**Information supplied**
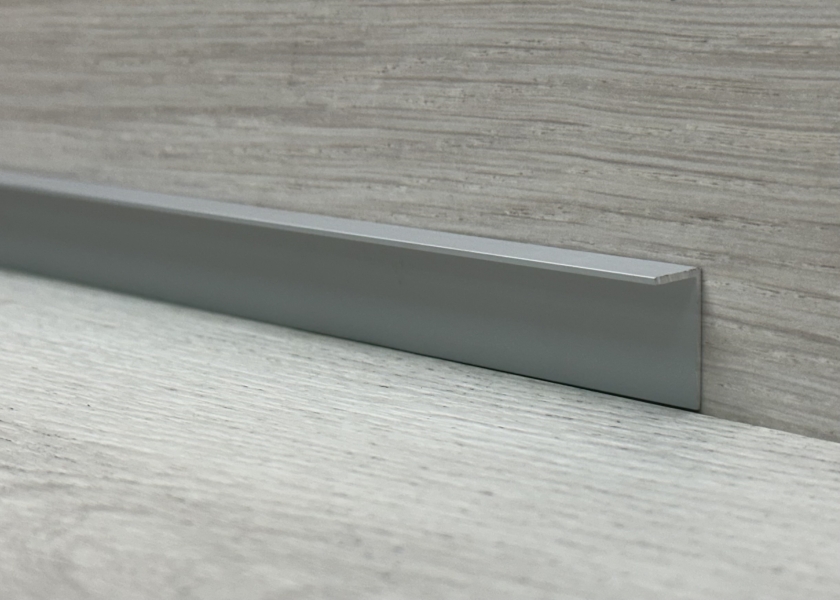 Алюминиевый плинтус Fezard ALP-L20x10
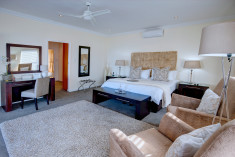 Superior Room 7 at African Oceans Manor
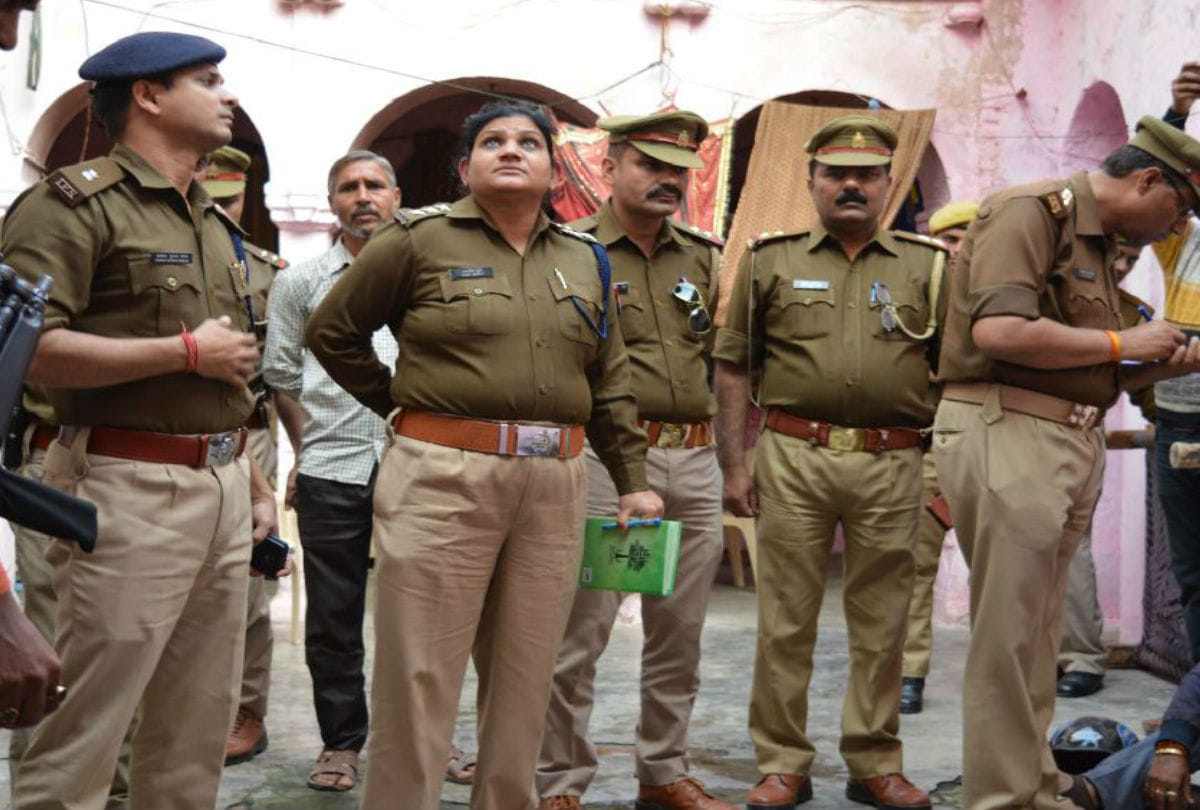 Nephew Shot Dead Mama Mathura Crime News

**Exercise brief**
The full listing, transcribed exactly and without its pictures, is the expected result.

**Response for this exercise**
 Алюминиевый плинтус Fezard ALP-L20x10
 Superior Room 7 at African Oceans Manor
 Nephew Shot Dead Mama Mathura Crime News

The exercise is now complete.